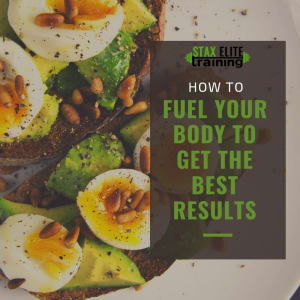 HOW TO FUEL YOUR BODY TO GET THE BEST RESULTS 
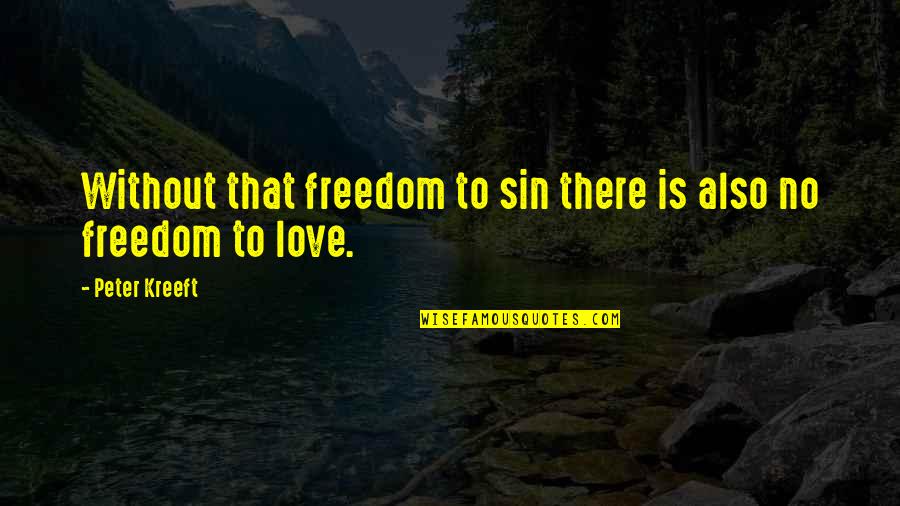 Abdul Malik Lawrence Quotes By Peter Kreeft: Without that freedom to sin there is also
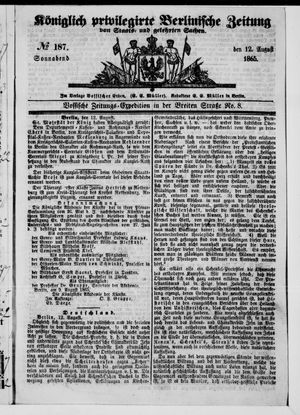 Königlich privilegirte Berlinische Zeitung von Staats- und gelehrten Sachen on Aug 12, 1865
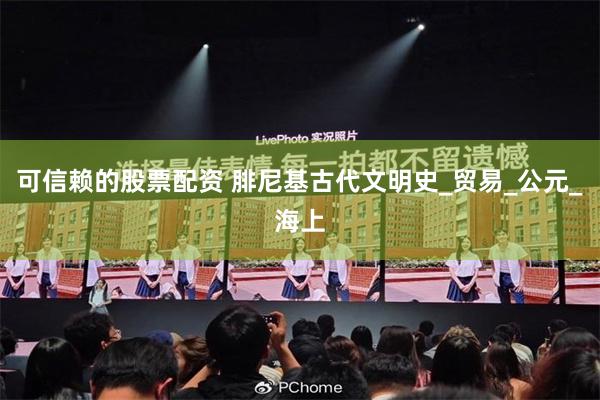 可信赖的股票配资 腓尼基古代文明史_贸易_公元_海上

* [WHAT IS BEING ASKED]: Restate the lines above exactly, from the one bearing "Königlich privilegirte Berlinische" through the final line of the material, both included, omitting pictures.

* [SOLVED PROBLEM]:
 Königlich privilegirte Berlinische Zeitung von Staats- und gelehrten Sachen on Aug 12, 1865
 可信赖的股票配资 腓尼基古代文明史_贸易_公元_海上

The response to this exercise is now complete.